[Instructions to follow]
Omit the images, then print each record below exactly as it reads.

----- Exercise inputs

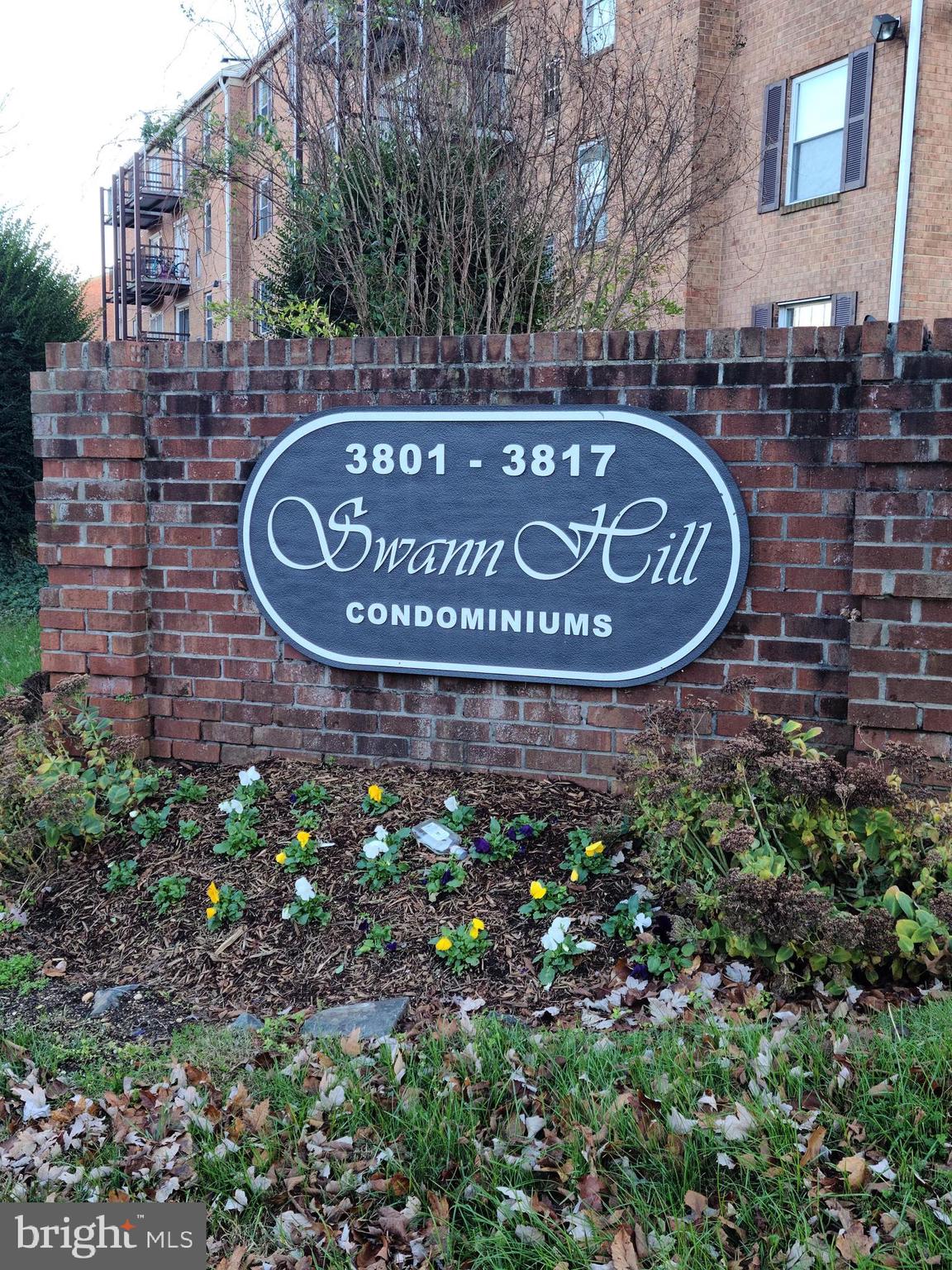 SWANN HILL CONDOMINIUMS - Residential Lease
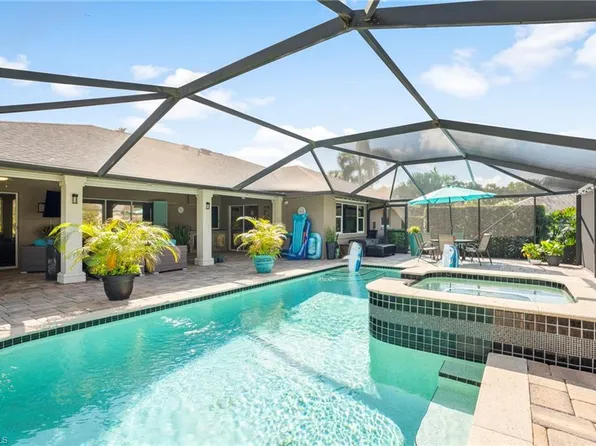 101 Muirfield CIR, NAPLES, FL 34113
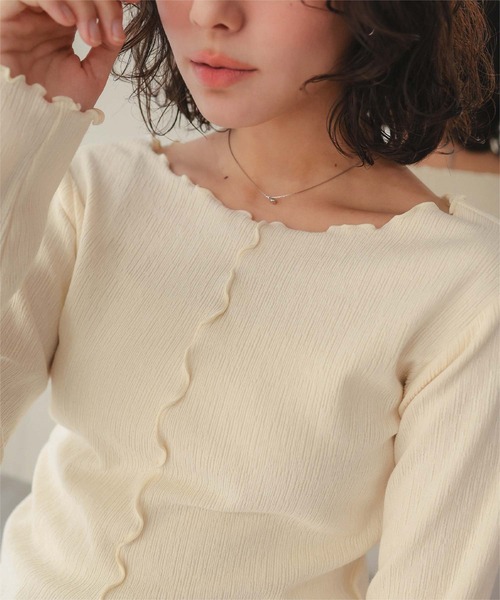 titivate(ティティベイト)の「スリットデザイントップス(Tシャツ/カットソー・レディース・ピンク/イエロー/ネイビー/アイボリー/ブラック/ブルー・L/M/S)」の12枚目の写真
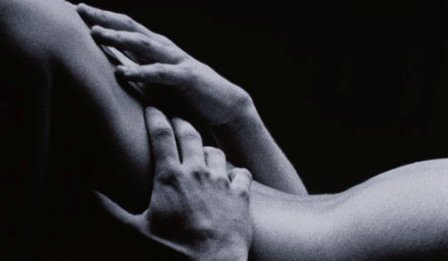 tu mano en mi espalda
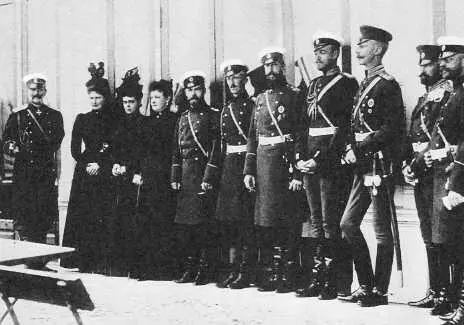 К Р пятый справа Император Николай II седьмой справа Императрица - фото 49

----------

[Finished exercise]
 SWANN HILL CONDOMINIUMS - Residential Lease
 101 Muirfield CIR, NAPLES, FL 34113
 titivate(ティティベイト)の「スリットデザイントップス(Tシャツ/カットソー・レディース・ピンク/イエロー/ネイビー/アイボリー/ブラック/ブルー・L/M/S)」の12枚目の写真
 tu mano en mi espalda
 К Р пятый справа Император Николай II седьмой справа Императрица - фото 49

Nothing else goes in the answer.